Blumhouse and Atomic Monster’s merger was made official in January 2024. The previous best box office year was 2023, with four Blumhouse movies —Insidious: Red Door, M3GAN, Five Nights at Freddy’s and Black Phone— raking in $821.9M. Atomic Monster’s Aquaman and the Lost Kingdom and Nun II made combined close to $710M worldwide.
Here’s how this all breaks down as some of the titles aren’t with Blumhouse’s home distributor Universal. The bulk of Blumhouse-Atomic Monster’s gross is with the New Line finale (but is it really the last one?) Conjuring: Last Rites which minted $494.6M, the best ever in the franchise besting The Nun‘s $366M global take. It’s also the only Conjuring movie to have grossed north of $400M WW. The Patrick Wilson-Vera Farmiga starring, Michael Chaves directed R-rated horror movie reps 48% of Blumhouse-Atomic Monster’s 2025. The Conjuring is the highest grossing horror franchise ever through eight titles which have grossed $2.57 billion. Last Rites launched in the post-Labor Day weekend which Warner Bros has turned into a rich launch pad for horror films going back to 2017’s It.

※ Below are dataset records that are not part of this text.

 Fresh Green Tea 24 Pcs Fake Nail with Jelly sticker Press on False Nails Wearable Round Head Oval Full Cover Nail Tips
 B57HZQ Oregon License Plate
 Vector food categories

Second, pushing the Jason Blum and James Wan label over $1 billion, is Universal’s Five Nights at Freddy’s 2 with $201.8M global, $108.9M of that made domestically. The sequel, also directed by Emma Tammi, went pure theatrical instead of theatrical day and date on Peacock like the 2023 movie. The original movie finaled at $291.5M WW. The Five Nights at Freddy’s franchise is nearing a half billion at the global B.O.

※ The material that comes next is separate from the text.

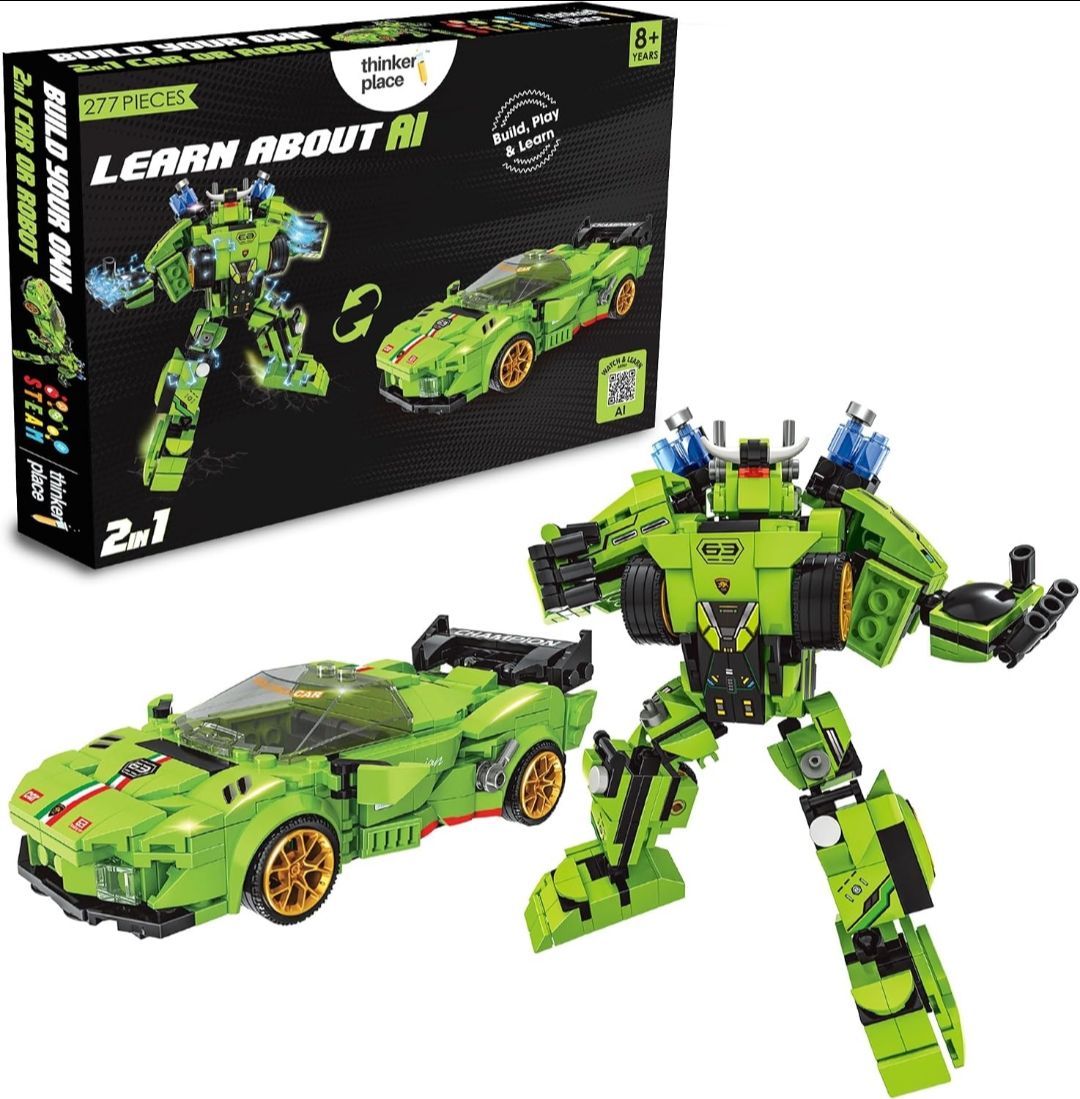 277 PCS 2-in-1 Transforming Building Blocks Crazy Green Bull
AI STEM Construction Racing Toy for Kids view 3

Third is Scott Derrickson’s Black Phone 2 with $132.1M WW, which was also Blumhouse-Atomic Monster’s third highest No. 1 opening stateside of the year ($27.3M), behind Conjuring Last Rites (best in franchise with $84M) and Five Nights at Freddy’s 2 ($64M, a record opening for any movie in the post Thanksgiving/early December frame). All in the Black Phone franchise counts $293.5M. Black Phone 2 opened on Oct. 17 and it repped actor Ethan Hawke’s fourth collaboration with Derrickson after the Sinister series.
Fourth is NEON’s The Monkey based on the Stephen King short story and directed by Oz Perkins, which grossed $68.8M global ($39.9M domestic). The movie opened on Feb. 21 and followed twin brothers Bill and Hal who find their father’s old monkey toy in the attic. A series of gruesome deaths start and the brothers decide to throw the toy away and move on with their lives, thus growing apart over the years.

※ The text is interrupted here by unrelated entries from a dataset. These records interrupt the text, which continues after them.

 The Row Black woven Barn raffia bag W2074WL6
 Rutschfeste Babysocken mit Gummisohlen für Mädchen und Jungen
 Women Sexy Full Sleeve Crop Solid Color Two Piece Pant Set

While M3GAN 2.0 didn’t work at $39M global ($24.1M domestic) next to the original’s hot $180M, it still gets Blumhouse and Atomic Monster to big numbers for the year. Leigh Whannell’s Wolf Man was next with $34.1M worldwide ($20.7M domestic), followed by the Brandon Sklenar and Meghann Fahy starring April 11 date thriller, Drop, with $28.7M WW ($16.6M domestic), while Woman in the Yard after a March 28 theatrical release grossed $23.3M (96% of that made stateside).
First release for Blumhouse and Atomic Monster in the New Year is Lee Cronin’s The Mummy via New Line on April 17.